Ethan Hawke racconta Blaze Foley, oscuro cantautore texano che è stato un riferimento per molti talenti come Merle Haggard e Willie Nelson; morto nel 1989 a 39 anni, non voleva essere una star, voleva diventare una leggenda della musica country.
Hawke, per il suo terzo lungometraggio di finzione, trae ispirazione dal romanzo Living in the Woods in a Tree scritto da Sybil Rosen (qui interpretata da Alia Shawkat), attrice e artista teatrale, compagna di vita del non facile Blaze (Ben Dickey, un orso attore e musicista). Un soggetto interessante che ha mosso il regista per il suo legame con Blaze e lo stato del Texas.
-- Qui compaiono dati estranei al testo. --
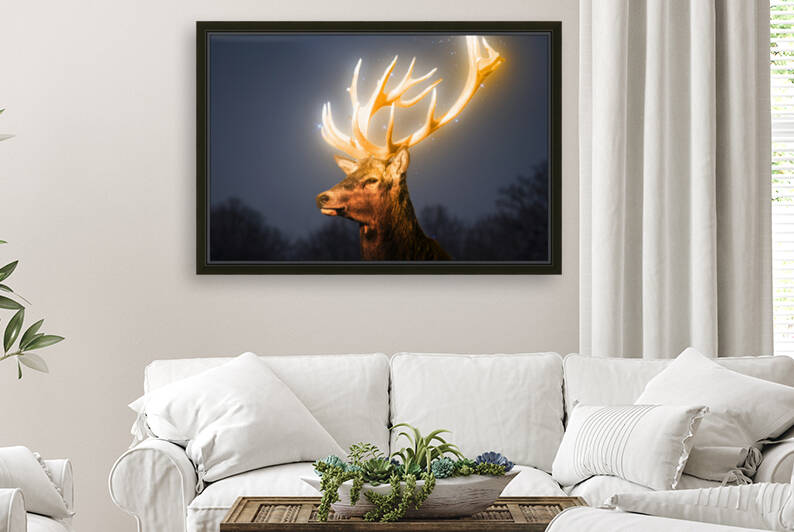 Deer light by BayArt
Attraverso tre piani temporali, registicamente giocati in flashback dentro flashback, il futuro (dopo la morte di Blaze), il presente e il passato (che dopo un accenno all’infanzia difficile del protagonista – cammina zoppo a seguito di una poliomelite, la trama si concentra sulla storia d’amore con Sybil e la sua travagliata carriera come musicista). Blaze ha un dono, lo si capisce dal primo accordo con la chitarra, dal tono della voce, da quello che compone. Le ballate, da lui scritte e cantate, accompagnano la narrazione della vita sballata, tra fumo e alcool: promessa precoce, successo, tradimento, autodistruzione, redenzione e morte.
C’è malinconia e solitudine nei suoi testi; e c’è anche un senso di tenerezza nostalgica, affettuosa nella regia di Hawke.
Insomma un elogio veritiero, un po’ indulgente nella sua gentilezza, ma apprezziamo la volontà di Ethan Hawke di aver voluto raccontare l’uomo, esplorando la sua vita.